Function pointers points the address of a function in C. That means a function has a memory address and it will be part of any of the memory segments. I just printed address of function and is pointing to code segment. Does all functions written in C have their address in code segment?
#include <stdio.h>
void func()
{
printf("hi!!!\n");
}
int main()
{
void (*fptr)();
fptr = func;
printf("fptr pointing func addr : %p and &fptr : %p\n", fptr, &fptr);
fptr();
while (1) {
sleep(1); /* Sleep for accessing procfs of the process */
}
return 0;
}
Program Output:
[revarath@bgl-vms-vm0251 basic]$ ./a.out &
[1] 20168
[revarath@bgl-vms-vm0251 basic]$ fptr pointing func addr : 0x4005ad and &fptr : 0x7fff301e6b80
hi!!!
c = 10
Finding PID to access procfs:
[revarath@bgl-vms-vm0251 basic]$ ps -ef | grep a.out
revarath 20168 24339 0 04:55 pts/2 00:00:00 ./a.out
revarath 20180 24339 0 04:56 pts/2 00:00:00 grep --color=auto a.out
Memory map output:
[revarath@bgl-vms-vm0251 basic]$ cat /proc/20168/maps
00400000-00401000 r-xp 00000000 00:2c 124964755 /ws/revarath-bgl/backup/tests/basic/a.out
00600000-00601000 r--p 00000000 00:2c 124964755 /ws/revarath-bgl/backup/tests/basic/a.out
00601000-00602000 rw-p 00001000 00:2c 124964755 /ws/revarath-bgl/backup/tests/basic/a.out
.......
7fff301c8000-7fff301e9000 rw-p 00000000 00:00 0 [stack]
My func addr : 0x4005ad lies within the memory region 00400000-00401000
My Cpu info: Multi core Intel
[revarath@bgl-vms-vm0251 basic]$ lscpu
Architecture: x86_64
CPU op-mode(s): 32-bit, 64-bit
Byte Order: Little Endian
CPU(s): 8
Compiler:
gcc
gcc version 4.8.5 20150623 (Red Hat 4.8.5-36)
Is it correct to say memory address of function lies in OR points to code segment?
There are more language-lawyerly answers to be had here (like, don't rely on system implementations in your code and see disclaimer below), but basically, yes, that's how it works.
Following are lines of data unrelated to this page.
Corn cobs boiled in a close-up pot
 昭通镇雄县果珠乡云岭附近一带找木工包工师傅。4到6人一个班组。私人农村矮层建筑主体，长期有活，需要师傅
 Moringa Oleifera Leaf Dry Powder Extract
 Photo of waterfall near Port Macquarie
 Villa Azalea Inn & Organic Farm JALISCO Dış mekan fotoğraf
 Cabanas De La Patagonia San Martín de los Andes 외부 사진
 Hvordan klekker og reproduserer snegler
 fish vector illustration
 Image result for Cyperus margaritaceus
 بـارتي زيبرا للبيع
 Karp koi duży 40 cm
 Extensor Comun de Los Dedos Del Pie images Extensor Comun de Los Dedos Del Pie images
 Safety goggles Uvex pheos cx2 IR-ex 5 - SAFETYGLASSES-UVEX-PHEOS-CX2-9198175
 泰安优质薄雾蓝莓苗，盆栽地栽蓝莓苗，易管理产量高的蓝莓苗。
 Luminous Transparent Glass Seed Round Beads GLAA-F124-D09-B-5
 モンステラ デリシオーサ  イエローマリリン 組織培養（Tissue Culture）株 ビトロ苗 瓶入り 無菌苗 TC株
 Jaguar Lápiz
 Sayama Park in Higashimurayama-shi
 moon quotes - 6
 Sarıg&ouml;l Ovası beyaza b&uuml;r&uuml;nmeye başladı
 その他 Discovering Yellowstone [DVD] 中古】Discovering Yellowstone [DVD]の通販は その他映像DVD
All of the compiled code from your program, including the function you have illustrated with, is part of the code segment (also confusingly known as the "text" segment) in the resulting binary image. The OS's loader will splat those compiled code bytes into that memory segment within the process, and if you take the address of a static function this way, you'll see its corresponding code sitting somewhere in that segment. Same will be true of main, etc.
The way a compiled program gets into memory and gets executed is a lot less magical than it might seem. Setting aside a modern OS's security mechanisms, etc, it kinda goes like this:
main function (by way of hidden-from-you C runtime stuff). When you get the address of your function, there's no magic there, it's a pointer to the first byte of the compiled instructions for that function.
Professional Software Engineering Disclaimer As comments on this answer and the question indicate, in the real wild world there are umpteen variants on how linkers and loaders work; there are systems that don't really do it this way. Certainly you would never write broadly portable C code that made assumptions about memory segments. But for pedagogical purposes, if you're on one of the big name traditional desktoppy OSs, it *squints* basically works more or less something like you imagine. (If you can find an old copy of Tanenbaum's "Modern Operating Systems", even the old first edition, it will illuminate a lot of seemingly opaque topics of this vein.)